[Opening Listed entries section]

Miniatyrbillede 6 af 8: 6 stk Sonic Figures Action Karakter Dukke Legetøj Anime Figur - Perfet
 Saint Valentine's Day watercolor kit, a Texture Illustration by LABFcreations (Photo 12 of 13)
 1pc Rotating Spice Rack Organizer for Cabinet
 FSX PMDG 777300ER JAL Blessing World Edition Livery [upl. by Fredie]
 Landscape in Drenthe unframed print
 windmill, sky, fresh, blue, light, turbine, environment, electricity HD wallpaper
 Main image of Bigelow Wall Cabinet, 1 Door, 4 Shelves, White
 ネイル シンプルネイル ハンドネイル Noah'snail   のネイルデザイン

[Closing Listed entries section]

- _What you have to do_
Write each line of the data above out again without altering a word.

- _Your solution_
Miniatyrbillede 6 af 8: 6 stk Sonic Figures Action Karakter Dukke Legetøj Anime Figur - Perfet
 Saint Valentine's Day watercolor kit, a Texture Illustration by LABFcreations (Photo 12 of 13)
 1pc Rotating Spice Rack Organizer for Cabinet
 FSX PMDG 777300ER JAL Blessing World Edition Livery [upl. by Fredie]
 Landscape in Drenthe unframed print
 windmill, sky, fresh, blue, light, turbine, environment, electricity HD wallpaper
 Main image of Bigelow Wall Cabinet, 1 Door, 4 Shelves, White
 ネイル シンプルネイル ハンドネイル Noah'snail   のネイルデザイン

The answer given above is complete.